Petroleum refineries are facilities that produce gasoline, gasoline blending stocks, naphtha, kerosene, distillate fuel oils, residual fuel oils, lubricants, or asphalt (bitumen) through distillation of petroleum or the redistillation, cracking, or reforming of unfinished petroleum derivatives.
Facilities that distill only pipeline transmix (off-spec material created when different specification products mix during pipeline transportation) are not included in this subpart as petroleum refineries, regardless of the products produced.
What GHGs Must Be Reported?
The greenhouse gases (GHGs) that must be reported under Subpart Y are listed in Table 1. For refinery processes that are subject to subparts other than Subpart Y, the calculation methods required for carbon dioxide (CO2), methane (CH4), and nitrous oxide (N2O) are specified by subpart. Refer to the relevant Information Sheets (Subparts C, P, X, MM, and WW) for a summary of the emissions reporting requirements and calculations
If multiple Greenhouse Gas Reporting Program (GHGRP) source categories are co-located at a facility, the facility may need to report GHG emissions under a different subpart. Please refer to the relevant Information Sheet for a summary of the rule requirements for any other source categories located at the facility.

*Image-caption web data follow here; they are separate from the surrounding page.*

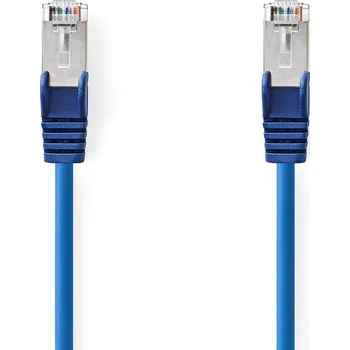 Síťový kabel NEDIS Síťový kabel CAT5e | SF / UTP | RJ45 Zástrčka | RJ45 Zástrčka | 3.00 m | Kulatý | PVC | Modrá | Label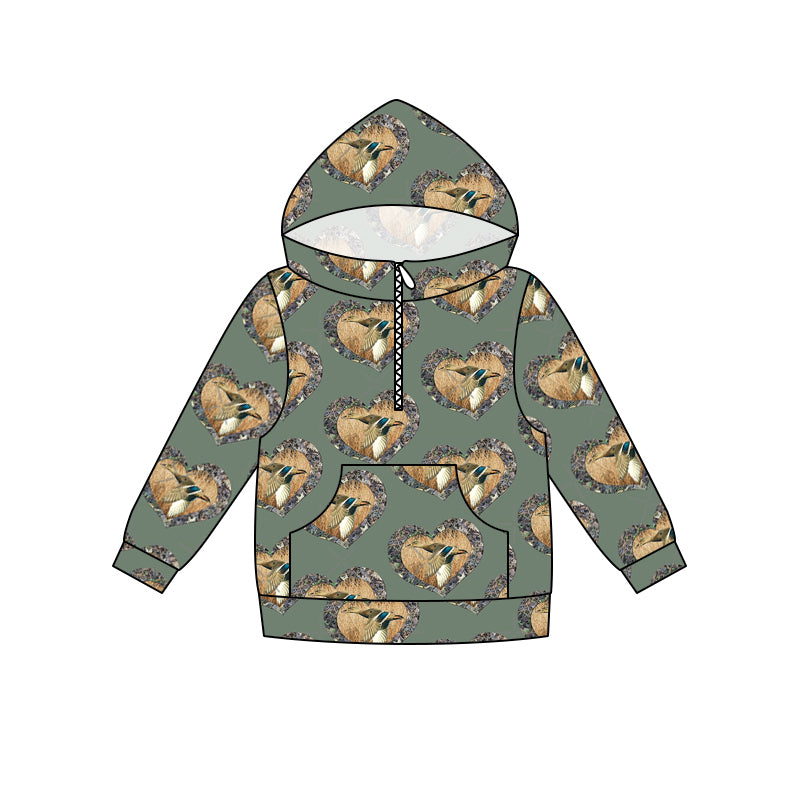 Baby Kids Duck Hunting Tee Hooded Shirts Tops Preorder(moq 5)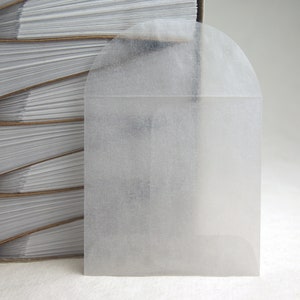 Glassine envelope square (2.75 inch x 2.75 inch) - for Large Hearts set of 24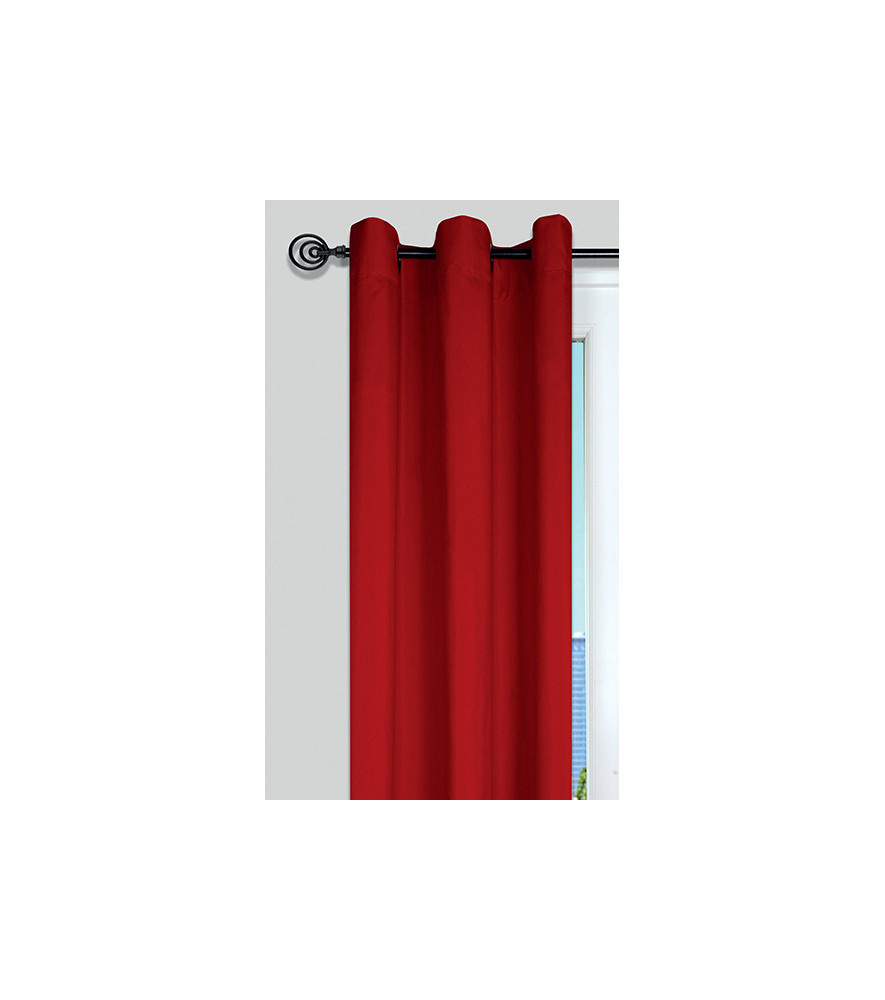 Rideau NELSON isolant finition 8 oeillets rouge 135x240cm Rideau NELSON isolant finition 8 oeillets rouge 135x240cm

Table 1. GHG Reporting Requirements for Subpart Y Petroleum Refinery Processes
Refinery Process |
Applicable Subpart |
||
---|---|---|---|
Carbon Dioxide (CO2) | Methane (CH4) | Nitrous Oxide (N2O) | |
Stationary Combustion | Subpart C* | Subpart C* | Subpart C* |
Flares | Subpart Y | Subpart Y | Subpart Y |
Catalytic cracking | Subpart Y | Subpart Y | Subpart Y |
Traditional fluid coking | Subpart Y | Subpart Y | Subpart Y |
Fluid coking with flexicoking design | Subpart C/Y | Subpart C/Y | Subpart C/Y |
Catalytic reforming | Subpart Y | Subpart Y | Subpart Y |
Onsite and offsite sulfur recovery | Subpart Y |
_ |
_ |
Asphalt blowing | Subpart Y | Subpart Y | _ |
Equipment leaks | _ | Subpart Y | _ |
Storage tanks | _ | Subpart Y | _ |
Delayed cooking | _ | Subpart Y | _ |
Other process vents | Subpart Y | Subpart Y | Subpart Y |
Uncontrolled blowdown systems | _ | Subpart Y | _ |
Loading operations | _ | Subpart Y | _ |
Hydrogen production | Subpart P | _ | _ |
Petrochemical Plants | Subpart X | Subpart X | Subpart X |
Suppliers of Petroleum Products | Subpart MM | _ | _ |
Coke Calcining | Subpart WW | Subpart WW | Subpart WW |
*CO2 emissions from combustion of fuel gas must generally be calculated using either the Tier 3 (Equation C-5) or Tier 4 Calculation Methodology; however, there are certain exceptions, when a flow meter is not present, for low flow streams, small units and streams composed of only vapors from certain sources. See the regulatory text for details
Key:
- Subpart C = General Stationary Combustion Sources, found at 40 CFR 98.30 – 98.38
- Subpart P = Hydrogen Production, found at 40 CFR 98.160 – 98.168
- Subpart Y = Petroleum Refineries, found at 40 CFR 98.250 – 98.258
- Subpart X = Petrochemical, found at 40 CFR 98.240 – 98.248
- Subpart MM = Suppliers of Petroleum Products, found at 40 CFR 98.390 – 98.398
- Subpart WW = Coke Calciners, found at 40 CFR 98.490 – 98.498
- _ = Reporting is not required
How Must GHG Emissions Be Calculated?
Under Subpart Y, petroleum refinery facility reporters must calculate CO2, CH4 and N2O emissions using the calculation methods described below for each refinery process.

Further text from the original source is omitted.